PROBLEM STATEMENT
Write the listing below out again exactly, dropping the images.

DATA PROVIDED
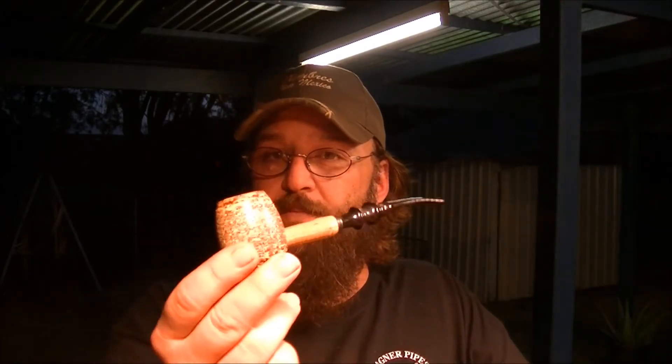So what I'm going to do is get on the lathe here and put together a pipe plug slash tamper that I'm going to make suit this country gentleman here, which incidentally I'm smoking with Virginia Woods in it. So I'm going to get myself set up here and then we'll get into some turning. Stick around.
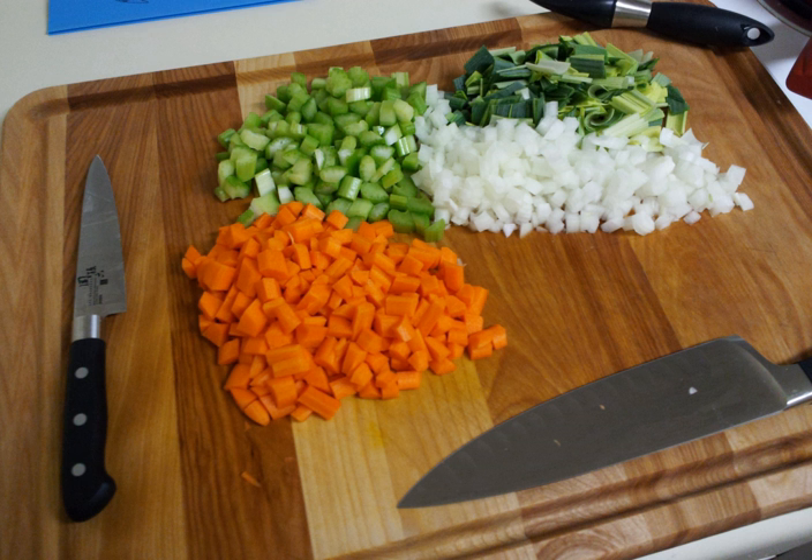Other similar bases include the German Süpengrün — leeks, carrots, and celeriac — the Polish Włoszczyzna — leeks, carrots, celery root, and parsley root — the U.S. Cajun and Creole Holy Trinity of onions, celery, and bell peppers, and possibly the French duxelles — mushrooms and often onion or shallot and herbs — reduced to a paste.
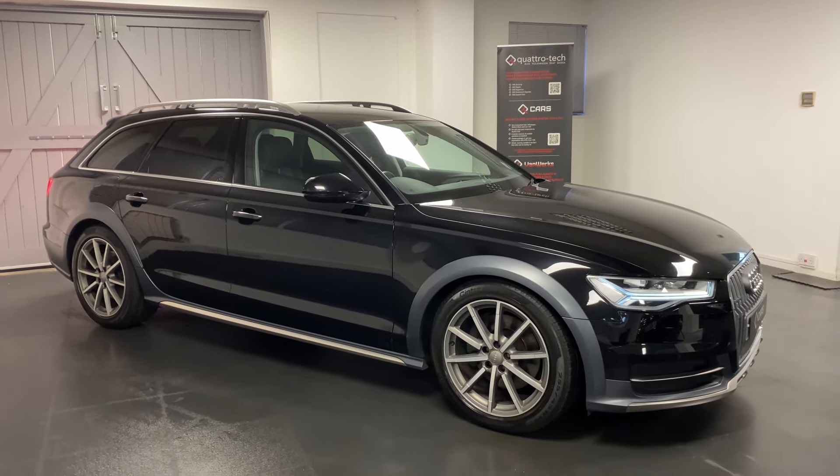That gives you a brief interior overview of our A6 Allroad — hopefully a great insight into the car. All cars will be mechanically checked through Quattro Tech, with a minimum of six months warranty which can be extended up to three years, providing nationwide cover.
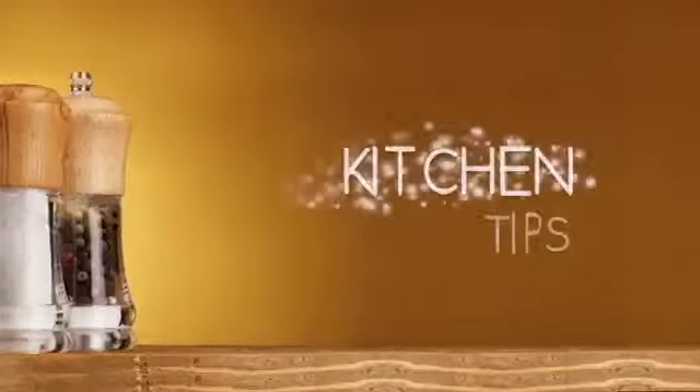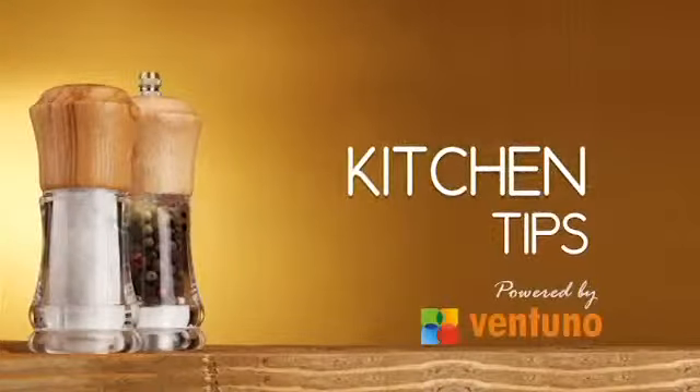Hi, welcome to Kitchen Tips. Today's tip is how to easily demold a crème brûlée.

TASK RESPONSE
So what I'm going to do is get on the lathe here and put together a pipe plug slash tamper that I'm going to make suit this country gentleman here, which incidentally I'm smoking with Virginia Woods in it. So I'm going to get myself set up here and then we'll get into some turning. Stick around.
Other similar bases include the German Süpengrün — leeks, carrots, and celeriac — the Polish Włoszczyzna — leeks, carrots, celery root, and parsley root — the U.S. Cajun and Creole Holy Trinity of onions, celery, and bell peppers, and possibly the French duxelles — mushrooms and often onion or shallot and herbs — reduced to a paste.
That gives you a brief interior overview of our A6 Allroad — hopefully a great insight into the car. All cars will be mechanically checked through Quattro Tech, with a minimum of six months warranty which can be extended up to three years, providing nationwide cover.
Hi, welcome to Kitchen Tips. Today's tip is how to easily demold a crème brûlée.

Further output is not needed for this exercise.